Is cash a spent force or are we in danger of rushing headlong into the virtual alternatives with no thought to the consequences?

The Debate

Ciara O’Brien: Yes. Idea of withdrawing enough cash to cover the weekly expenses gives me anxiety

If you want to start a row in a crowded room, announce loudly that you are in favour of cashless payments. There is bound to be someone in there who will have strong feelings on why the new technology needs to be stamped out and is bad for society. But is it?

I am fully on board with cashless. Of course I am. I was one of the first people using Apple Pay in Ireland, back when it was an oddity and shop staff would give you funny looks as you tapped your phone instead of the card.

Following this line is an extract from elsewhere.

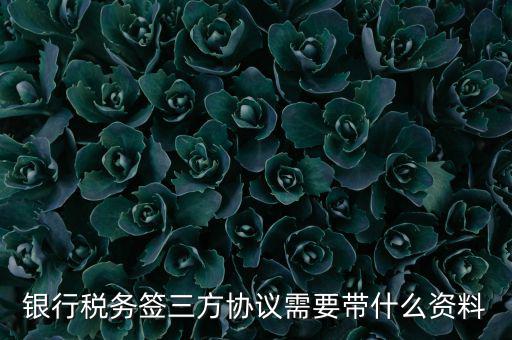 銀稅協(xié)議需要什么證件，銀行稅務(wù)簽三方協(xié)議需要帶什么資料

The emergency tenner stashed in the back of my wallet has remained unused for eight months and counting. The number of times when I use cash has dwindled. Occasionally I scramble around the kids’ piggy banks for coins (paying them back into their Revolut accounts), but my window cleaner takes Revolut. School collections have embraced fintech too, and most fundraising activities are done through via card payment. It’s more secure than handing your eight year old an envelope of cash and hoping that they remember to hand it over at some point in the school day.

Going cashless isn’t for everyone. Or – should we say – mostly cashless. No one is prying the last few coins from your hands, at least not if the EU has anything to do with it. Cash has a role, albeit a smaller one, and there are people who would be disadvantaged by solely digital payments.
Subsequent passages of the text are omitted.